▶ [WHAT THE EXERCISE ASKS]:
Please transcribe the data below in full. Omit any picture you find in it.
┏━━
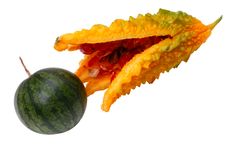 Momordika And Watermelon Stock Image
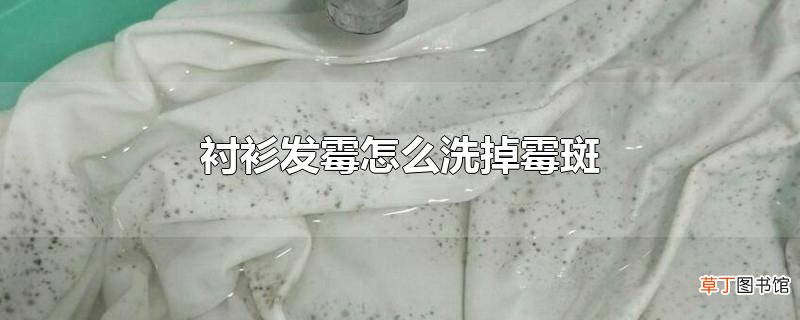 衬衫发霉怎么洗掉霉斑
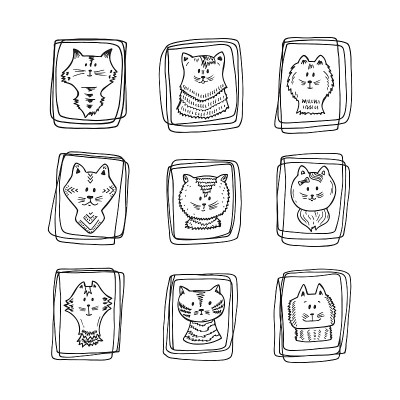 宠物。小猫脸图标。在框架中手绘的猫的涂鸦肖像-向量集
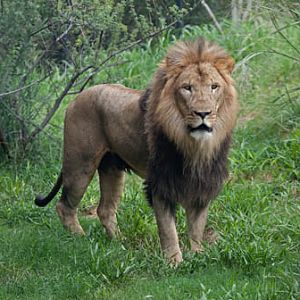 majestic lion portrait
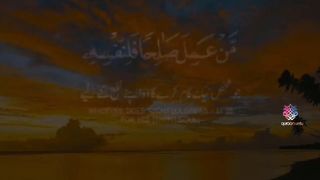 Surah Fussilat _ Ayah 46_ Quran Urdu Whatsapp Status _ Urdu Whatsapp Status _ Ur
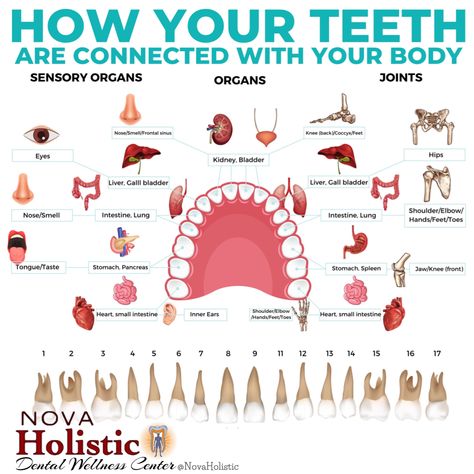 How your teeth are connected with your body! #DrSheriSalartash #integrativemedicine #holistic #novaholistic #functionalmedicine #pain #tmj Holistic Dentistry, Tooth Chart, Wisdom Teeth Removal, Facial Yoga, Bloated Stomach, Reflexology Massage, Healthy Herbs, Dental Surgery, Natural Health Tips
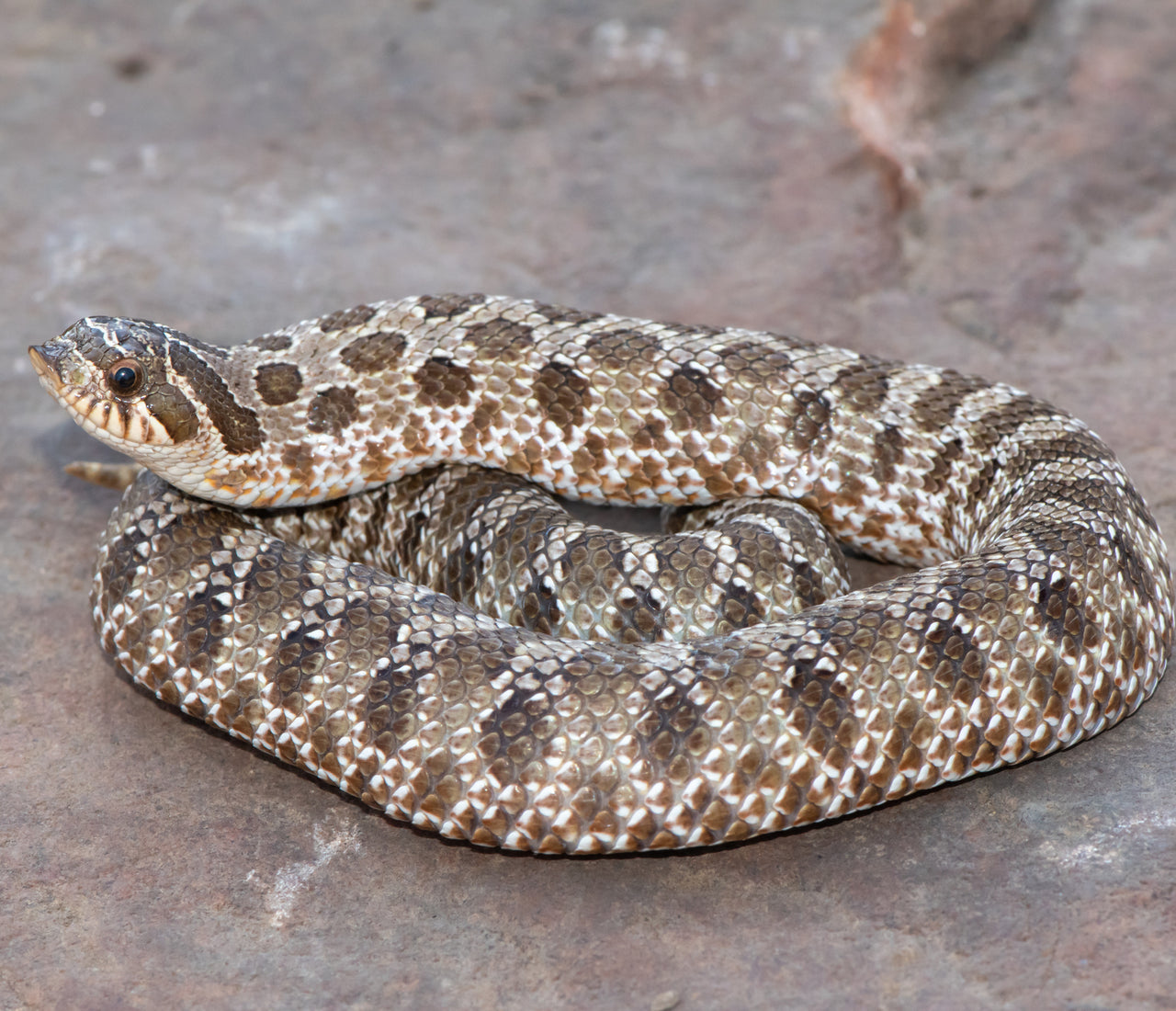 Hognose Snake Care Sheet | ReptiFiles – Zen Habitats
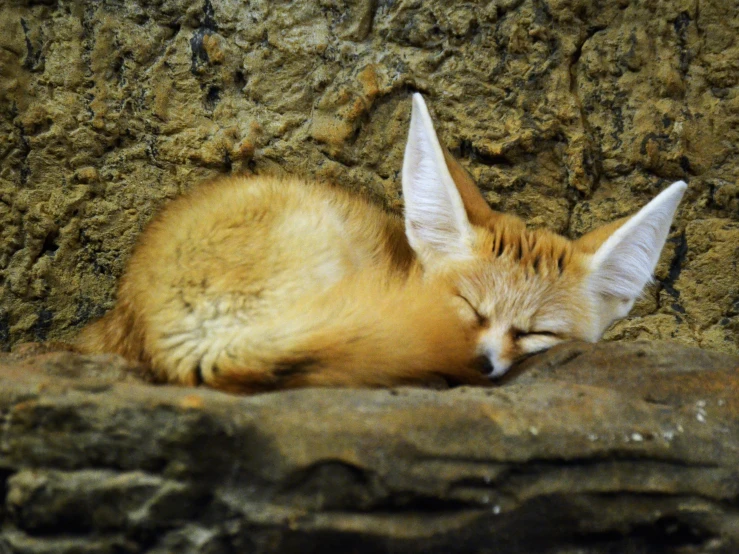 a brown and white cat sleeping on top of a pile of rocks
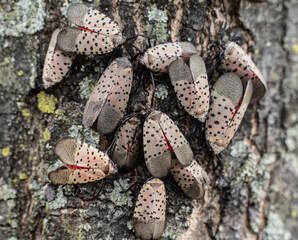 Close-up of swarm of Spotted Lanternflies on Tree in Berks County, Pa.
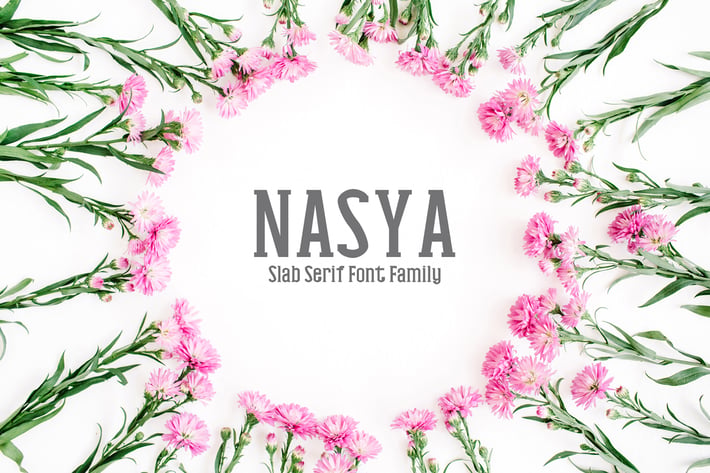 Nasya Slab Serif Font Family Pack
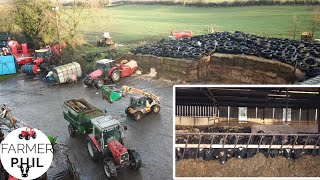 FEEDING THE 500 | WHAT WE FEED OUR CATTLE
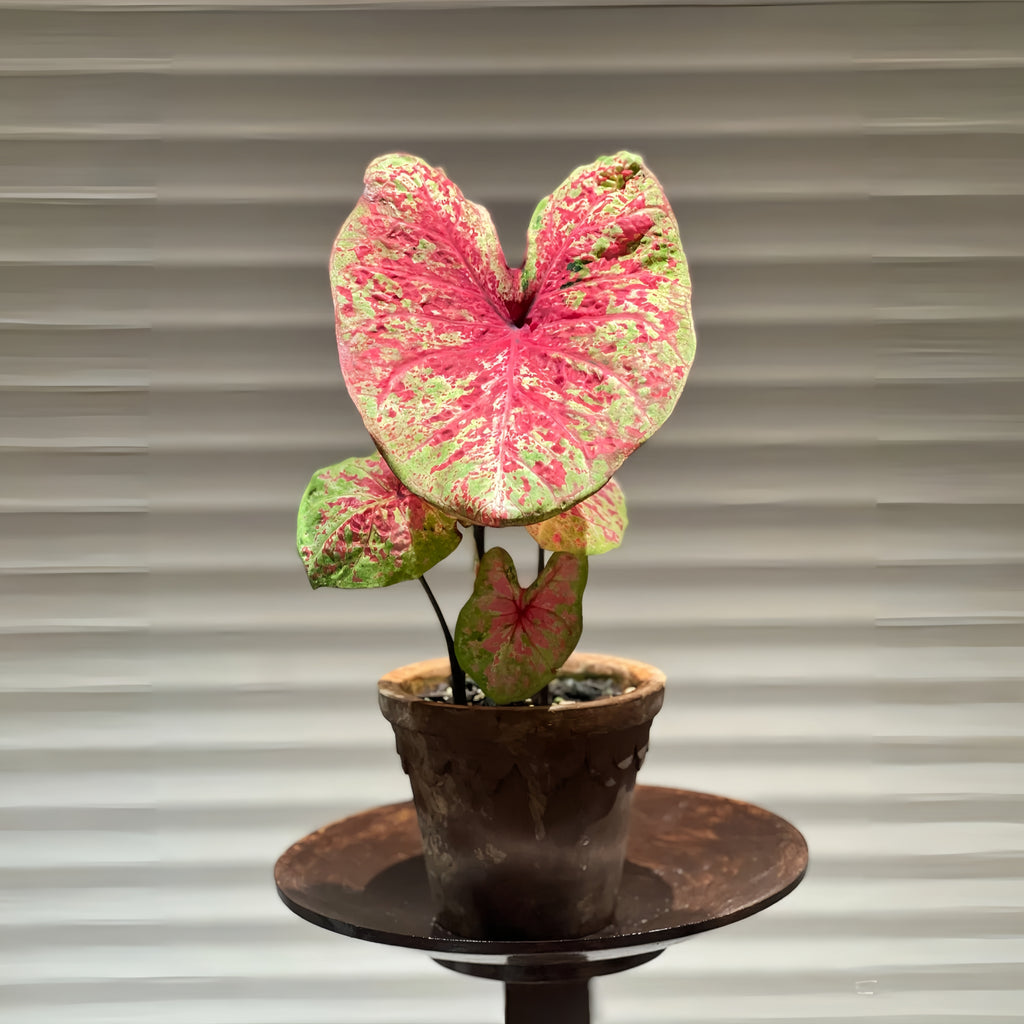 1 Plantable Caladium Bulb+1 pack of flower seeds, Pink series, white series, pink splash series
┗━━
▶ [ANSWER SECTION]:
 Momordika And Watermelon Stock Image
 衬衫发霉怎么洗掉霉斑
 宠物。小猫脸图标。在框架中手绘的猫的涂鸦肖像-向量集
 majestic lion portrait
 Surah Fussilat _ Ayah 46_ Quran Urdu Whatsapp Status _ Urdu Whatsapp Status _ Ur
 How your teeth are connected with your body! #DrSheriSalartash #integrativemedicine #holistic #novaholistic #functionalmedicine #pain #tmj Holistic Dentistry, Tooth Chart, Wisdom Teeth Removal, Facial Yoga, Bloated Stomach, Reflexology Massage, Healthy Herbs, Dental Surgery, Natural Health Tips
 Hognose Snake Care Sheet | ReptiFiles – Zen Habitats
 a brown and white cat sleeping on top of a pile of rocks
 Close-up of swarm of Spotted Lanternflies on Tree in Berks County, Pa.
 Nasya Slab Serif Font Family Pack
 FEEDING THE 500 | WHAT WE FEED OUR CATTLE
 1 Plantable Caladium Bulb+1 pack of flower seeds, Pink series, white series, pink splash series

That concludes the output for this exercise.